### [EXERCISE]
All pictures are to be omitted while the lines starting at the line with "Spacious bedroom with" and ending at the line with "Ein Vater und" in the material below are retyped exactly, both ends included.
[TASK INPUTS — start]
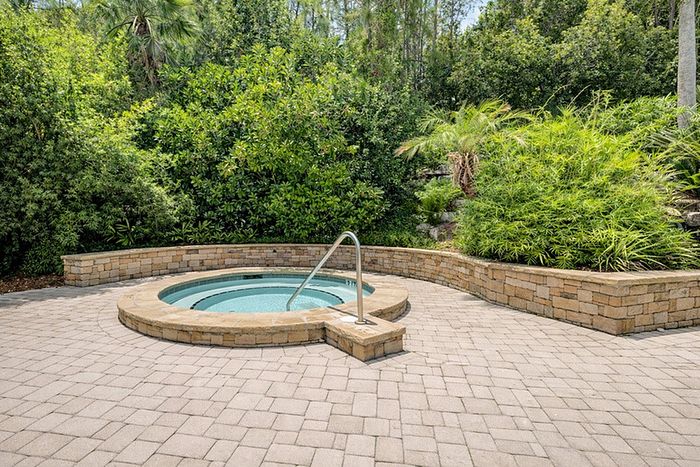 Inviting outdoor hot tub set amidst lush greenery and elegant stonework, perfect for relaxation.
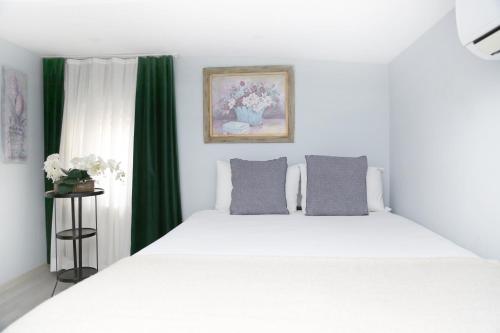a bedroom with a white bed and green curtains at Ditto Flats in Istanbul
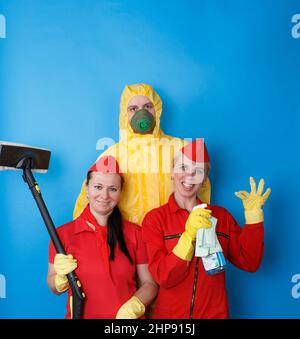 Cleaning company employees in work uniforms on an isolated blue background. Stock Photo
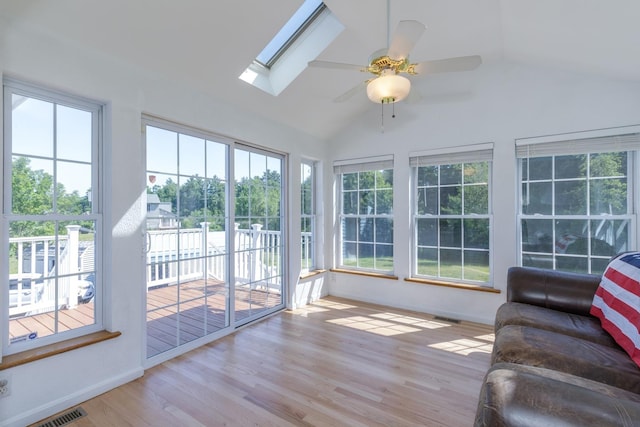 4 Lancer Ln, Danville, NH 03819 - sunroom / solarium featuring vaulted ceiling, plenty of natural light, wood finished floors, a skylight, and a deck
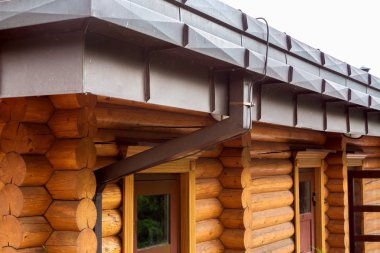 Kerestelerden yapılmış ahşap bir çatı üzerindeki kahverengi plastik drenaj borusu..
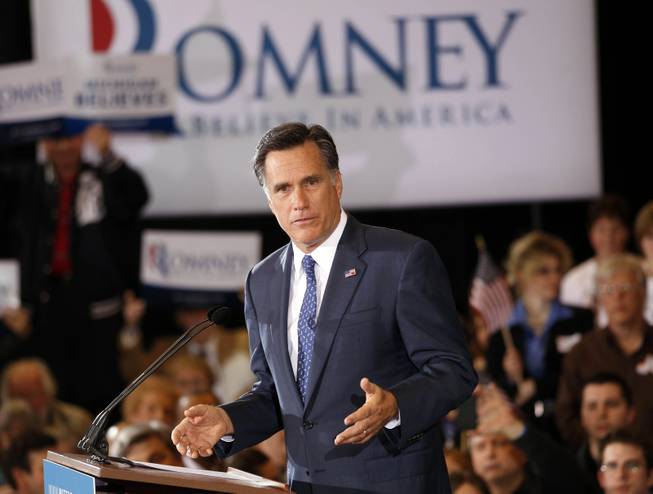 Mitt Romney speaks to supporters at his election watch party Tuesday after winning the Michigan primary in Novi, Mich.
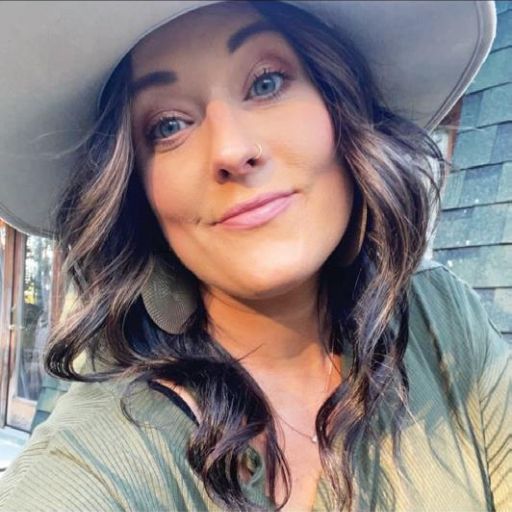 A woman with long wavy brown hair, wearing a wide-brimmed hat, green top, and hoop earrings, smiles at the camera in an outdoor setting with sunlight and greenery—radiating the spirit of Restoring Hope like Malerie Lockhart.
[TASK INPUTS — finish]
[TASK INPUTS — start]
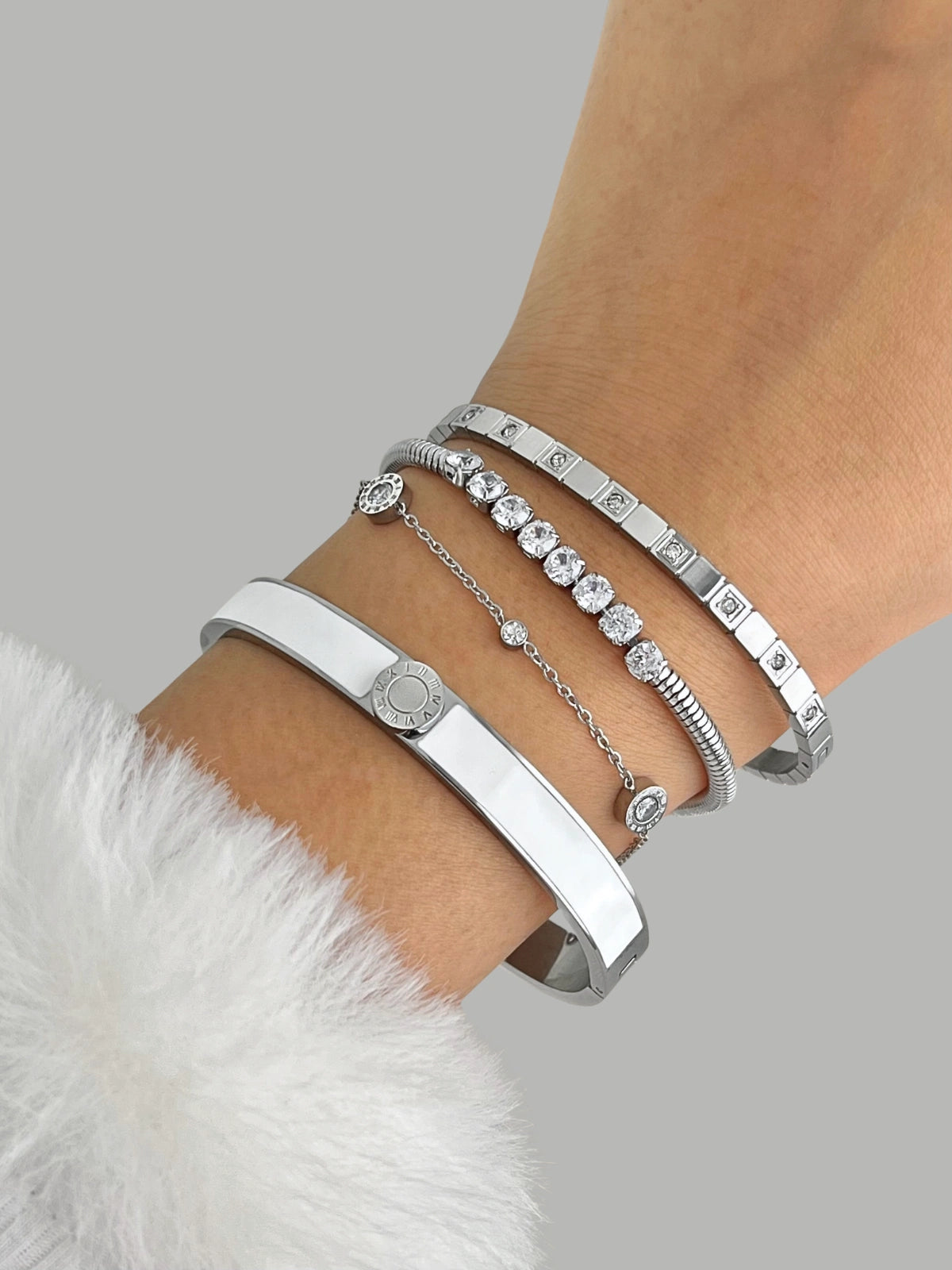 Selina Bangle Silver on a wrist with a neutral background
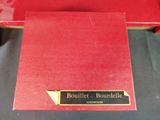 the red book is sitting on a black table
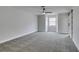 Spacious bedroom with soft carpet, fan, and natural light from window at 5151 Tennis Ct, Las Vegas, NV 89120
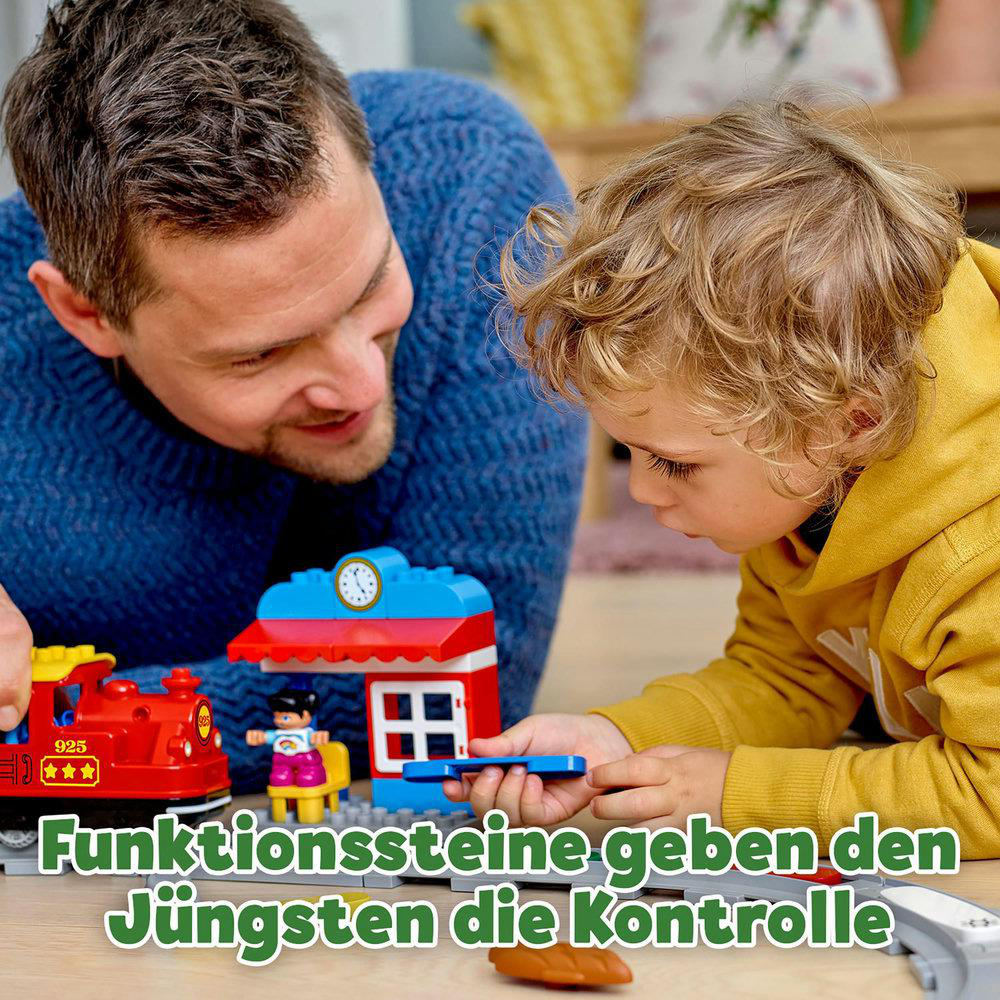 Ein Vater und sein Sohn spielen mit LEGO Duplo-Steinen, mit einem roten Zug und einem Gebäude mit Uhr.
[TASK INPUTS — finish]
### [PROBLEM SOLUTION]
 Spacious bedroom with soft carpet, fan, and natural light from window at 5151 Tennis Ct, Las Vegas, NV 89120
 Ein Vater und sein Sohn spielen mit LEGO Duplo-Steinen, mit einem roten Zug und einem Gebäude mit Uhr.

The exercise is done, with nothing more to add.